Single by Franz Ferdinand

from the album Always Ascending
- Released: 25 October 2017
- Recorded: 2016–17
- Genre: Disco-rock; new wave; post-punk; art pop;
- Length: 5:21 (album version); 3:49 (edited version);
- Label: Domino
- Songwriter(s): Julian Corrie; Bob Hardy; Alex Kapranos; Paul Thomson;
- Producer(s): Philippe Zdar

Franz Ferdinand singles chronology
| "Demagogue" (2016) | "Always Ascending" (2017) | "Feel the Love Go" (2018) |

Music video
- ”Always Ascending on YouTube

= Always Ascending (song) =

Song by Franz Ferdinand

"Always Ascending" is a song by Scottish indie rock band Franz Ferdinand. It was released as the lead single from their fifth studio album of the same name on 25 October 2017. Two days before the release of the song the band released a clip of the song. It released along with a shorter edited version.

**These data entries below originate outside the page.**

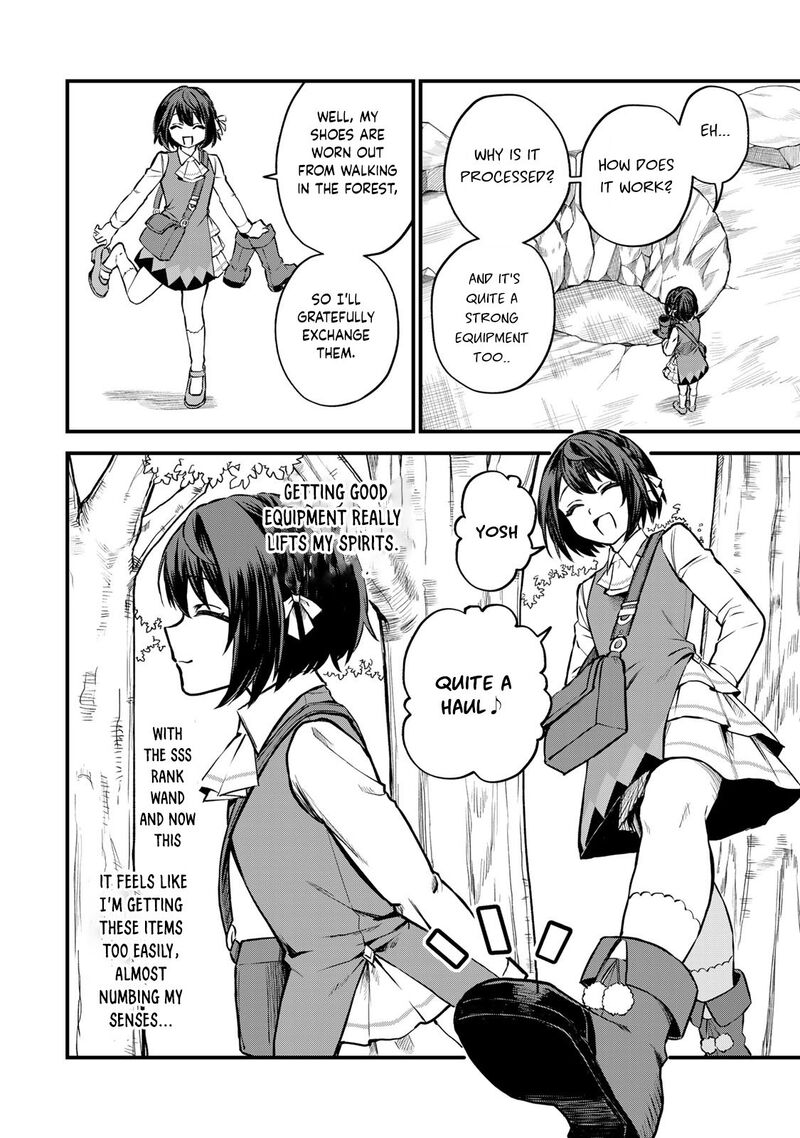 Sekai Saikyou No Majo Hajimemashita Watashidake Kouryaku Saito Wo Mireru Sekai De Jiyuu Ni Ikimasu Chapter 2 Page 36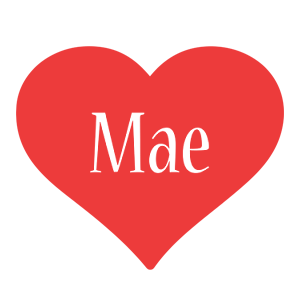 Mae love logo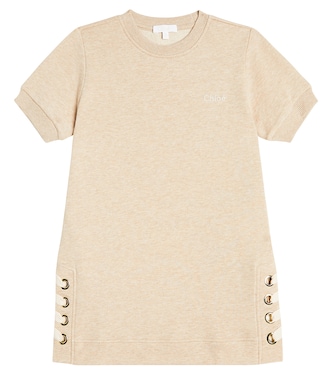 Kleid aus Baumwolle | Chloé Kids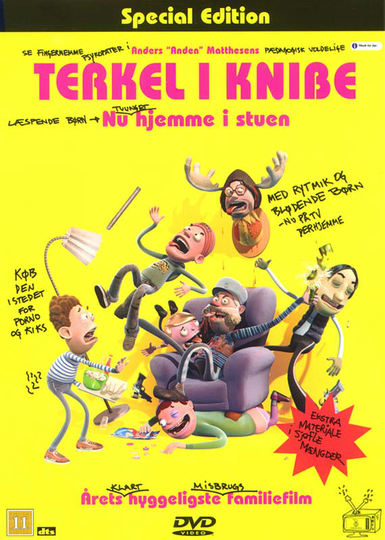 Terkel i knibe - DVD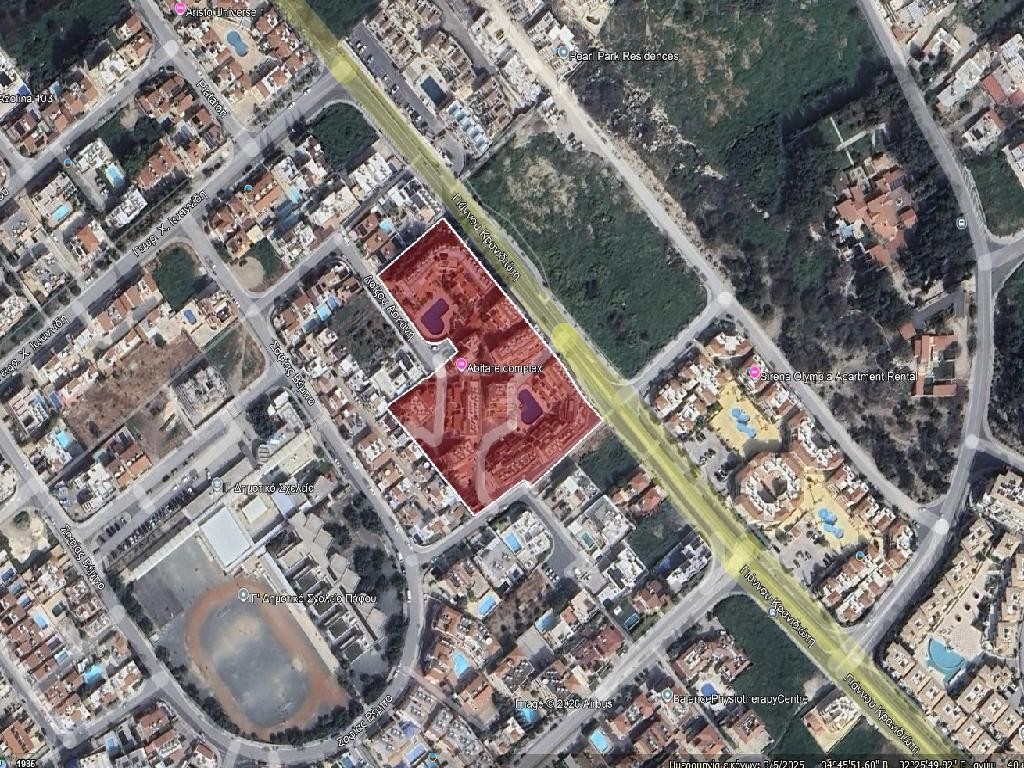 Flat - Abitare Apartments - Agios Theodoros , Paphos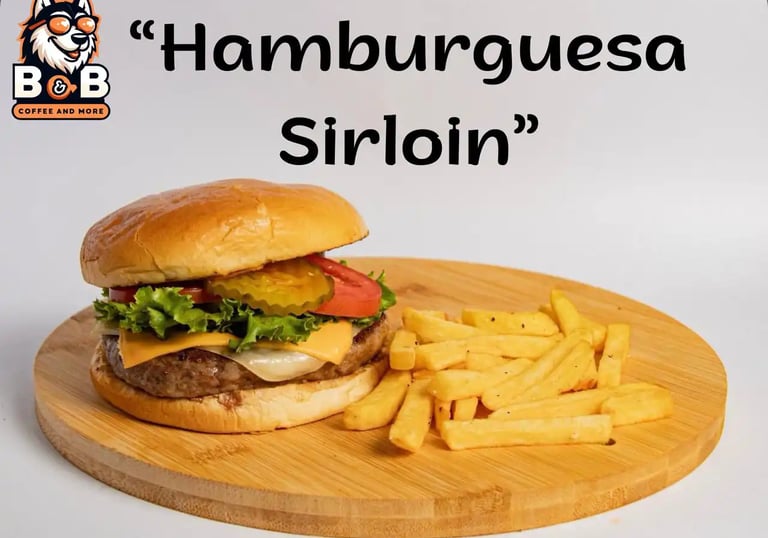 hamburguesa sirloin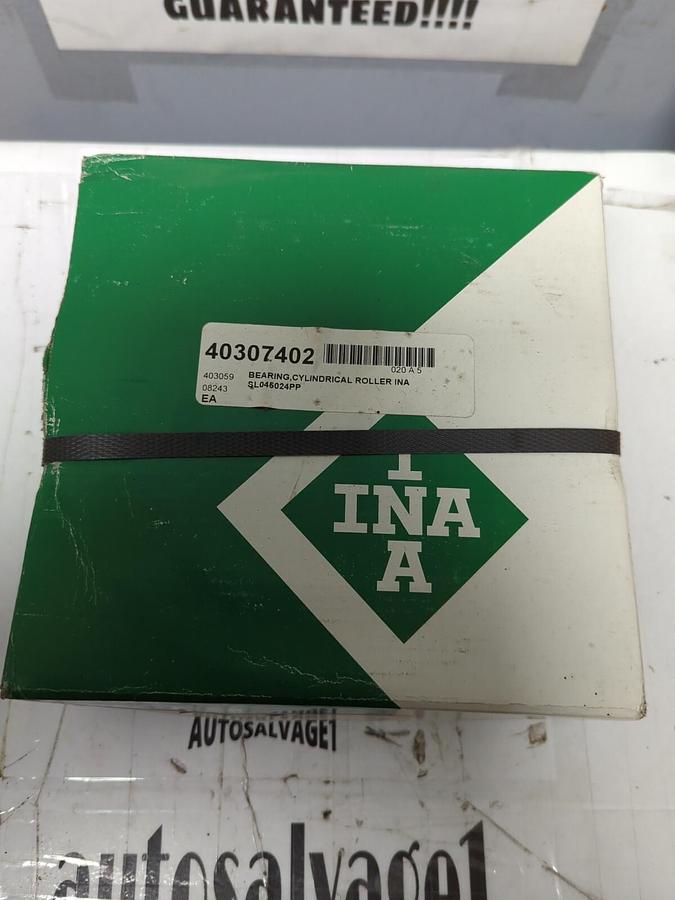INA,SL045024-PP,CYLINDRICAL ROLLER BEARING 120MM BORE 180MM OD 80MM W NOS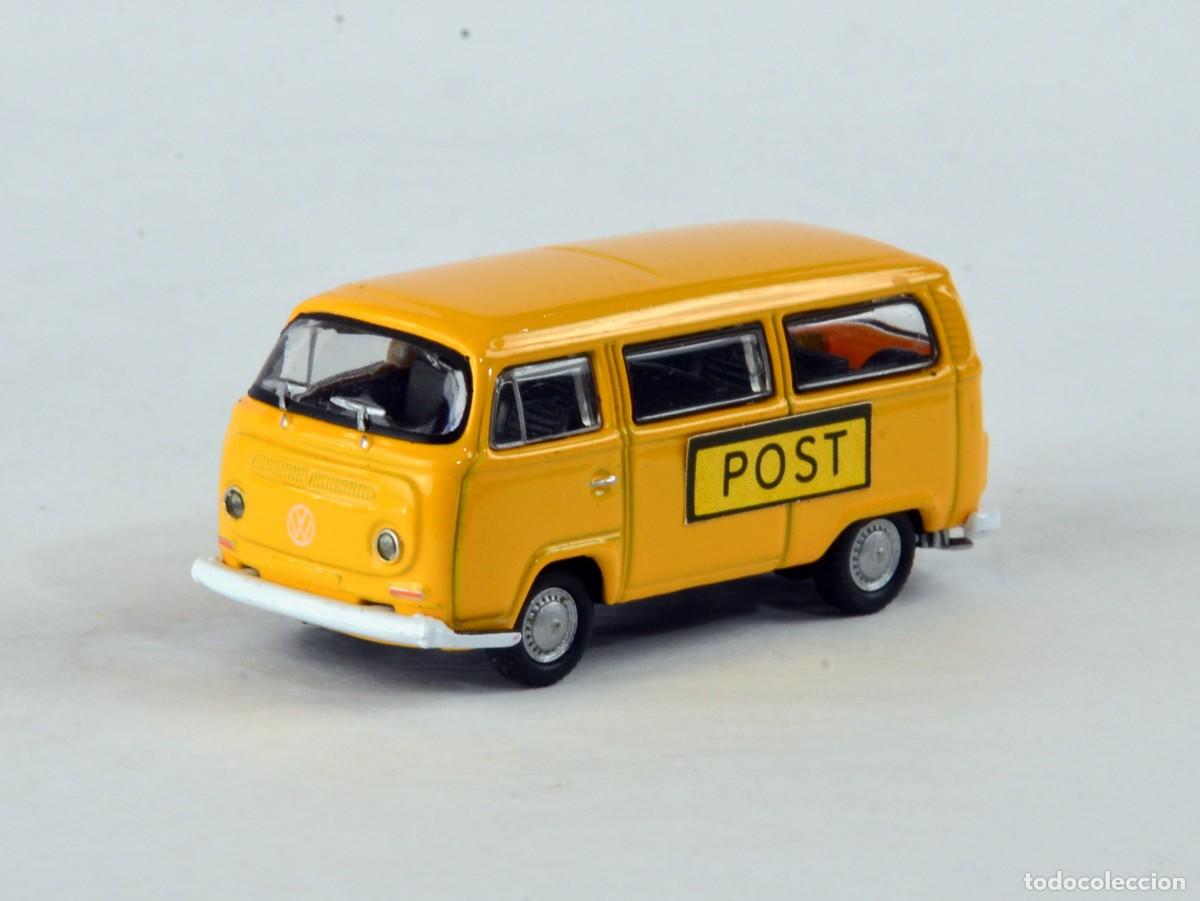 Coches a escala: Welly Escala 1:87 H0 Volkswagen T2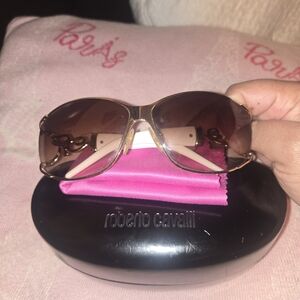Roberto Cavalli Brown Sunglasses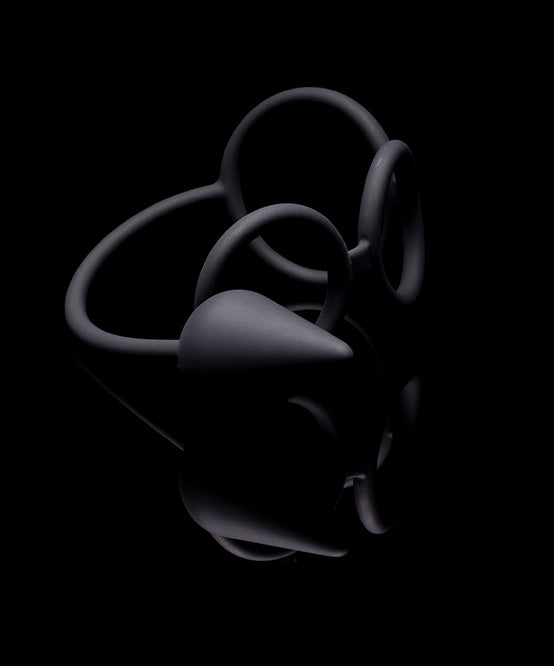 Andrew Christian TROPHY BOY® Dual Shaft Ring & Plug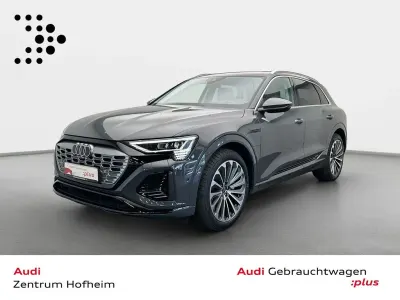 Używany Audi Q8 e-tron S-Line 250 kW (340 KM) 2023 Szary SUV
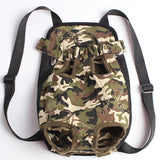 Maxbell Maxbell Nylon Pet Puppy Dog Cat Carrier Backpack Front Tote Carrier Net Bag Camo L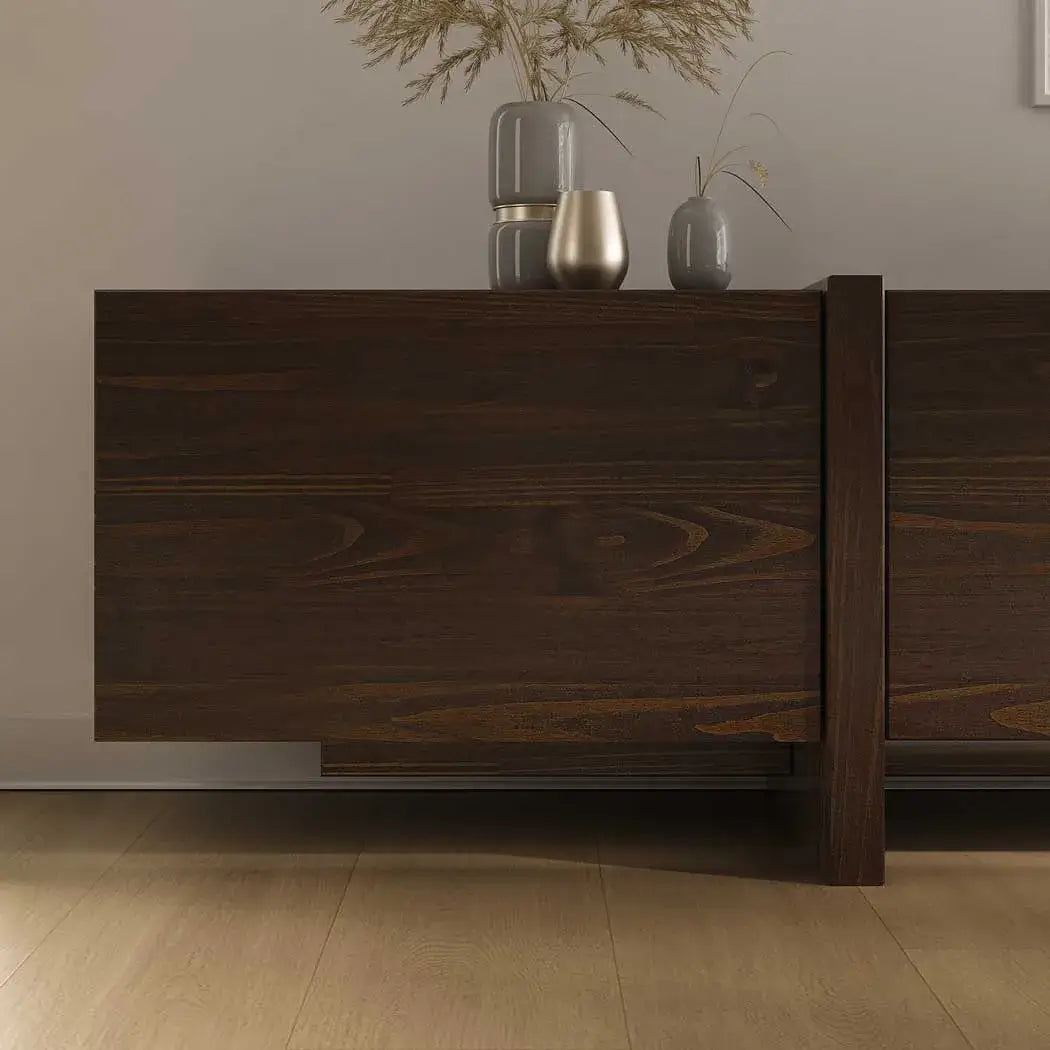 Rack tv Lesly 220CM - Madera Maciza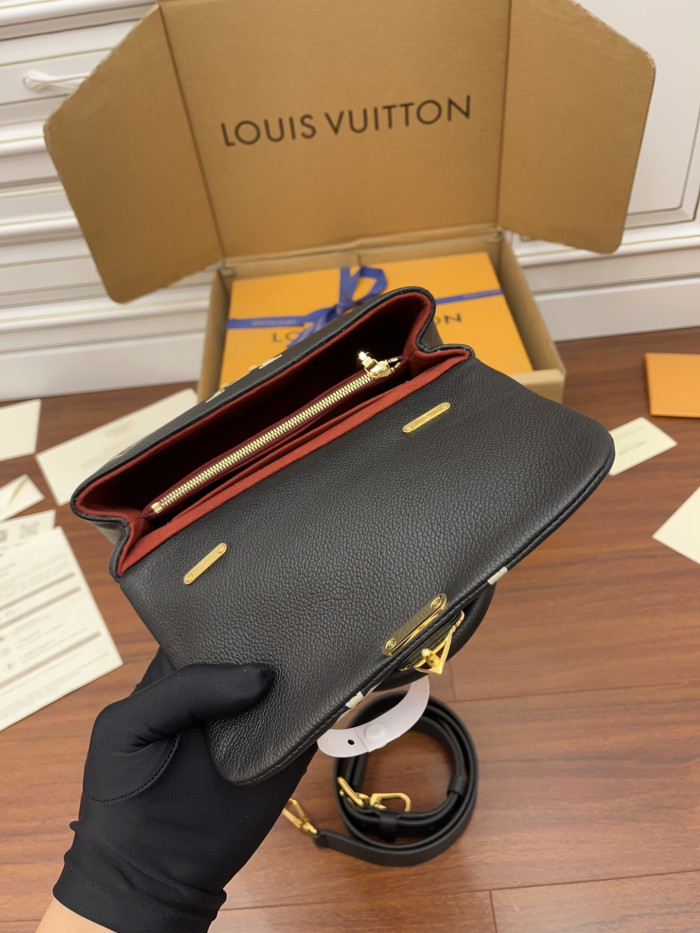 NIGO Louis Vuitton Madeleine BB Bicolor Monogram Empreinte Leather Handbags #nigo337105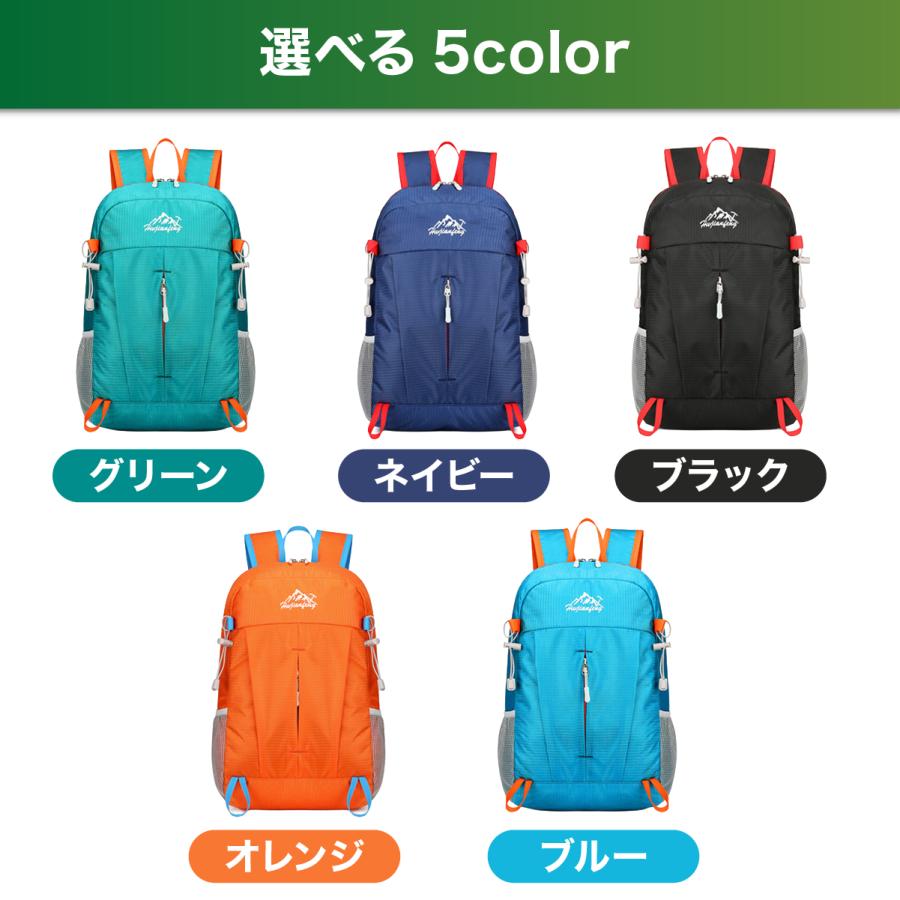 折りたたみリュック エコバッグ ナップサック アウトドア 旅行 サブ 非常用 携帯 コンパクト メンズ レディース 子供 爆買 | ブランド登録なし | 16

==Background and release==
After their 2013 album Right Thoughts, Right Words, Right Action the band formed a supergroup with the American rock band Sparks by the name of FFS in 2014. The band's name is an abbreviation of Franz Ferdinand Sparks. The group's existence was formally announced on 9 March 2015. In July 2016 founding guitarist Nick McCarthy left the band to focus on side-projects and spending time with his family, and was replaced with guitarist Dino Bardot and keyboardist Julian Corrie.

Leading up to the song's release the band released a snippet of the song on 23 October.
The song was released with an edited version, which has the roughly one minute 15 second long piano intro and the shorter piano outro cut out.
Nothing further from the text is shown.